Looking at your pattern vs the one provided by DQ, we can see that the main difference is in our capture group: in other words, should we include \b in the capture group or not?
I did a bit of research and discovered that \1 refers to the matched text, not a regex! (resource)Therefore, your pattern will find “extra” matches like: Google's self driving... because the s after the apostrophe matches the group (\b\w+\b) and then \1 matches on the s in self because the \1 no longer cares about word boundaries…it only cares about the text that matched in the group (namely s).
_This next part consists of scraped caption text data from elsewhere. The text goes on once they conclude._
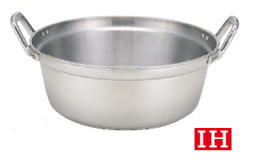 マイはやりっ児ＩＨ一皿分の料理鍋 30糎【IH相応う】【電磁膳立て器相応う】【両手なべ】【御役目用鍋】【和鍋】【一皿分の料理鍋】【北陸アルミニウム】【IH相応う】【御役目用】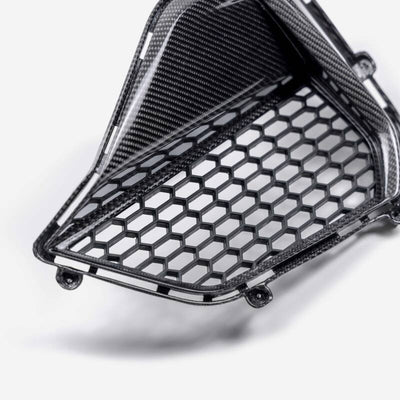 Anderson Composites 2024 Ford Mustang GT Carbon Fiber Front Bumper Inserts AC-FBI24FDMUGT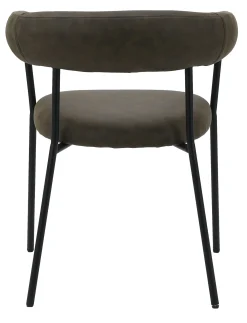 Mia suede mørkegrå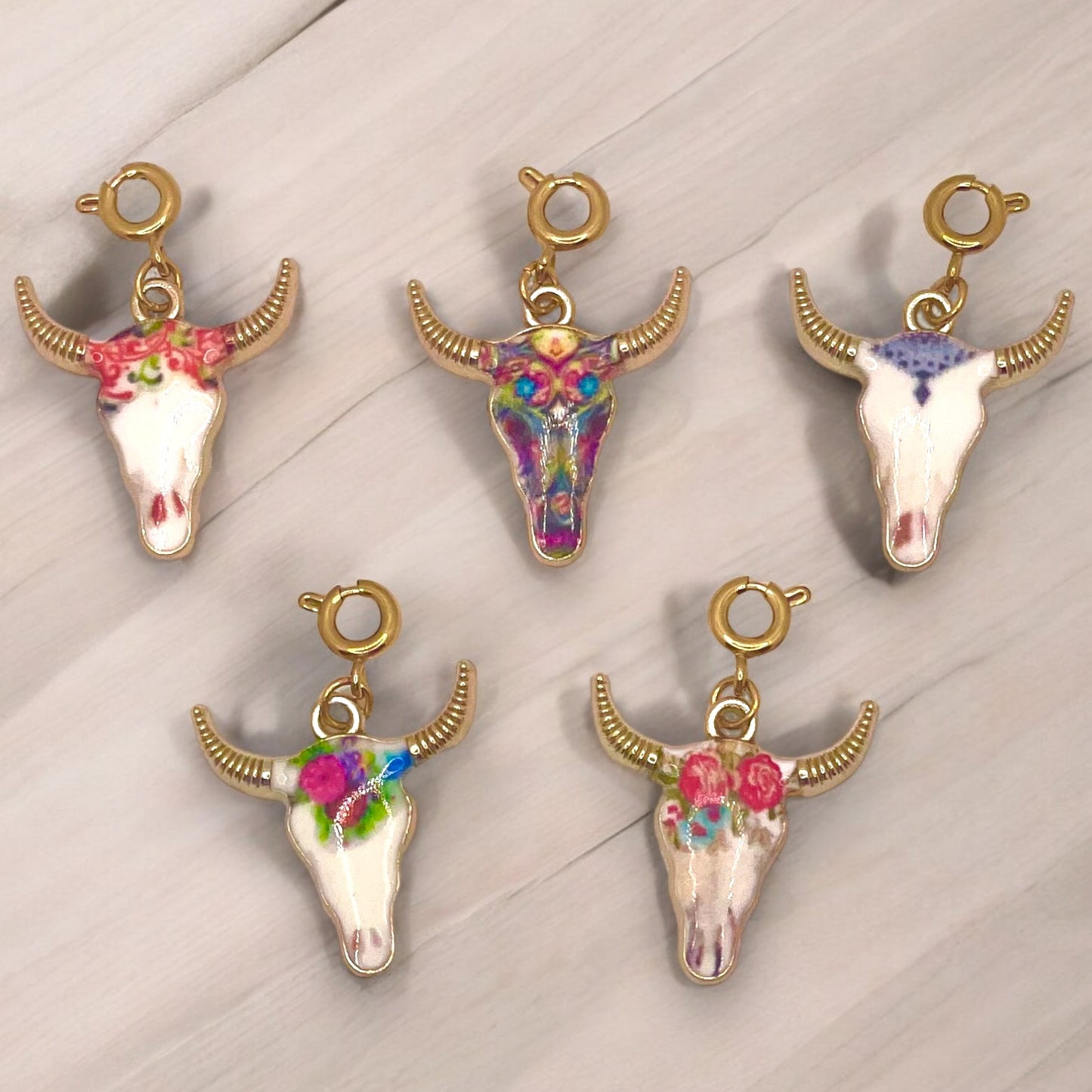 Decorative Bull Head Charm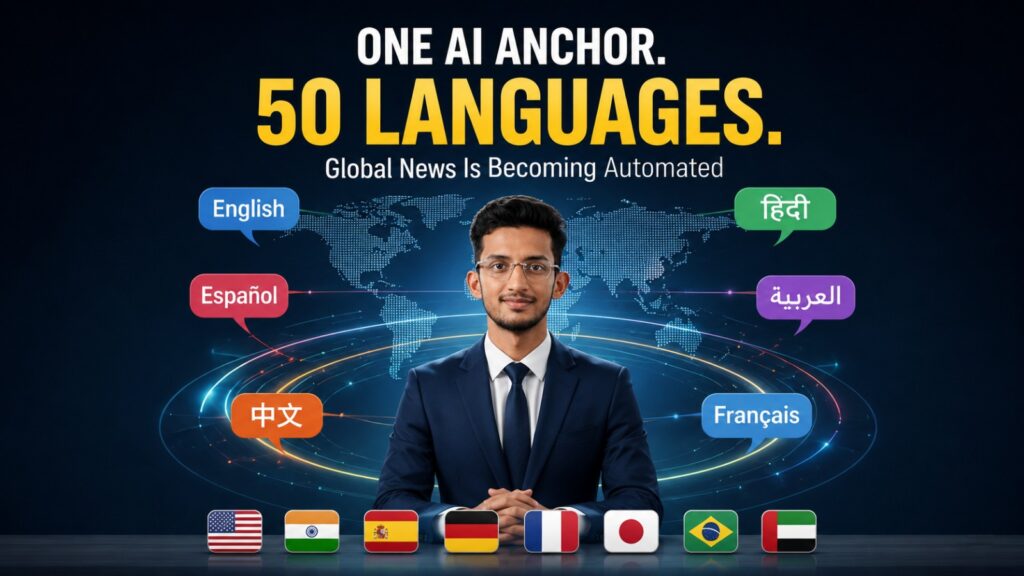 AI news anchors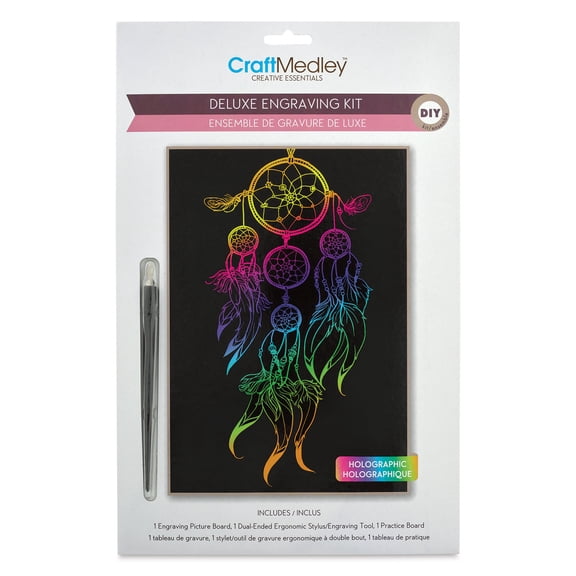 Craft Medley Deluxe Engraving Kit - Holographic Dream Catcher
Here are some other things it will find but shouldn’t:
1. No end in sight as repair work on California's sinking land costs billions
2. Niantic (Pokemon Go) appears to be hosting the entire world on one server
3. Salesforce lost 3.5 hours of customer data in instance NA14
4. The Theory of Concatenative Combinators
5. Performance Improvements in C Code Using Micro-Optimizations
Reasoning:
this is similar to my example above: the 's followed by a word that starts with s
capture group matches on on and \1 matches on first two characters of one
capture group matches on in and \1 matches on first two characters of instance
capture group matches on The and \1 matches on first three characters of Theory
capture group matches on C and \1 matches on first character of Code
The reason the DQ solution produces the desired results is because that second \b after the reference to \1 ensures we get matches on whole words and not partial ones like we see above.
Regex takes a lot of practice and I’m sorry to say that I have only scratched the surface myself. I find using sites like regexr help a lot for visualizing and breaking down what’s happening and why I get the results that I do.
Hope this helps and that I haven’t led you astray!